This benchmark confuses CitusDB with PostgreSQL + cstore_fdw extension.
CitusDB scales out PostgreSQL to multiple machines, and cstore is a columnar
store for PostgreSQL. The author has a clarification posted at the end.

For single node Postgres + cstore numbers on TPC-H, we found that a few simple
changes notably help. 1/ Analyze on foreign tables + increasing work_mem helps
join queries by 2-4x, and 2/ Using the double precision instead of the numeric
type increases aggregate function performance by 6x.

Lastly, we agree that vectorized execution can result in notable performance
wins! See
[https://github.com/citusdata/postgres_vectorization_test](https://github.com/citusdata/postgres_vectorization_test)
for some initial work. We hope to incorporate some of MonetDB's vectorized
execution features in cstore_fdw in the future.

------
mbubb
Instead of seeing this asa Hadoop alternative - this might be a better
alternative to the clunky data warehousing options like Vertica, Netezza,
Greenplum, etc.

The Citus vs Hadoop comparison feels a little apples vs oranges as presented.

I worked a bit with Netezza appliances which use an older version of postgres
which can spread queries across a Bladecenter ... I wonder how this compares.

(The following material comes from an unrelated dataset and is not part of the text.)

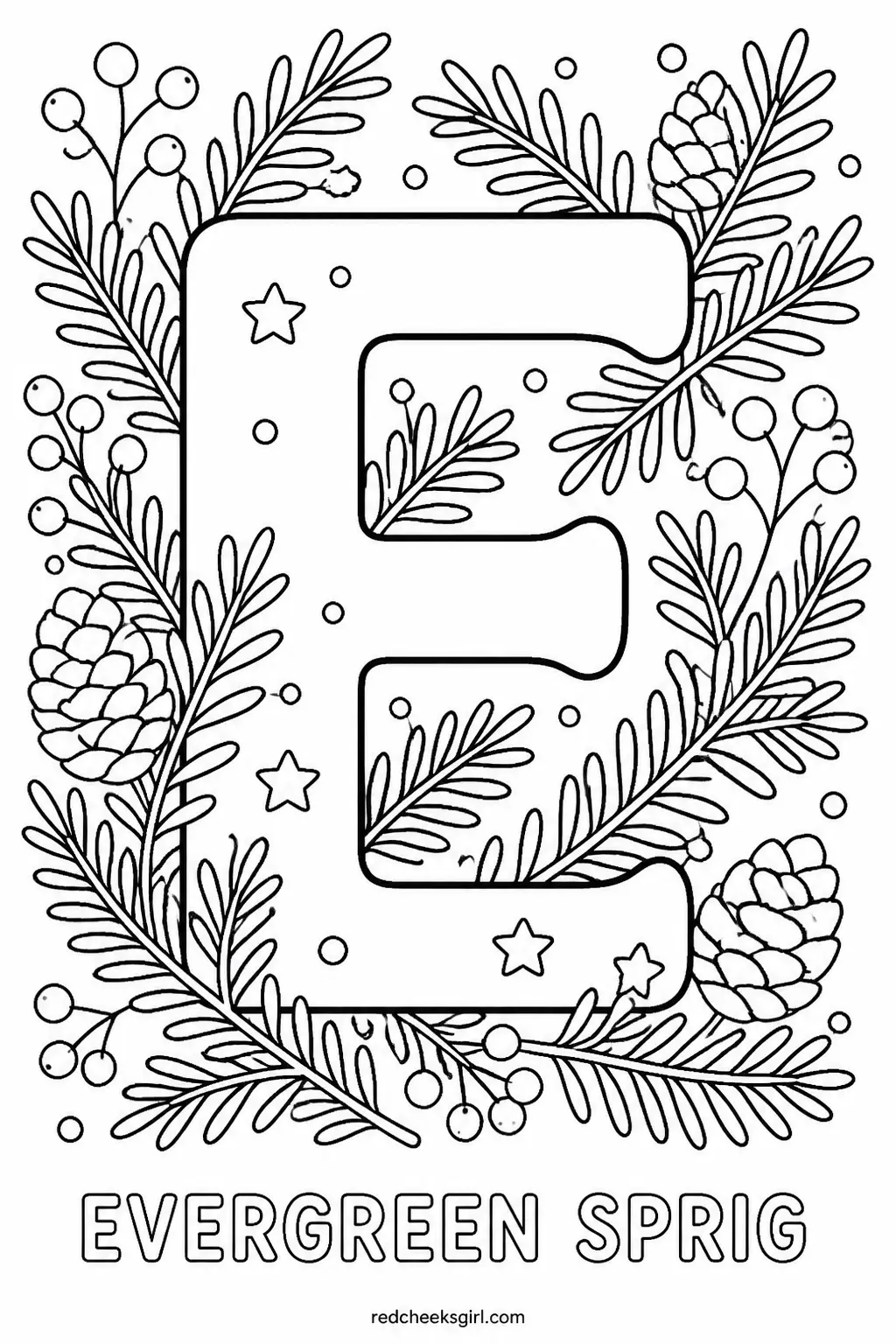 Letter E, Evergreen Sprig printable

The downside of the Netezza (beside the huge cost) is that it is not
expandable at all - to get more Netezza you need to buy another multirack
system.

Also there is a bottleneck getting data in and out as there are individual
host servers that you launch jobs through (ibm x3650s if I remember
correctly).

Hadoop does a significantly better job than something like Netezza in those 2
areas.

I guess the head to head comparison would be Citus vs Impala/ Hbase? That is
probably where a 'massively parallel' postgres setup that can scale
horizontally would out perform its hadoop counterpart.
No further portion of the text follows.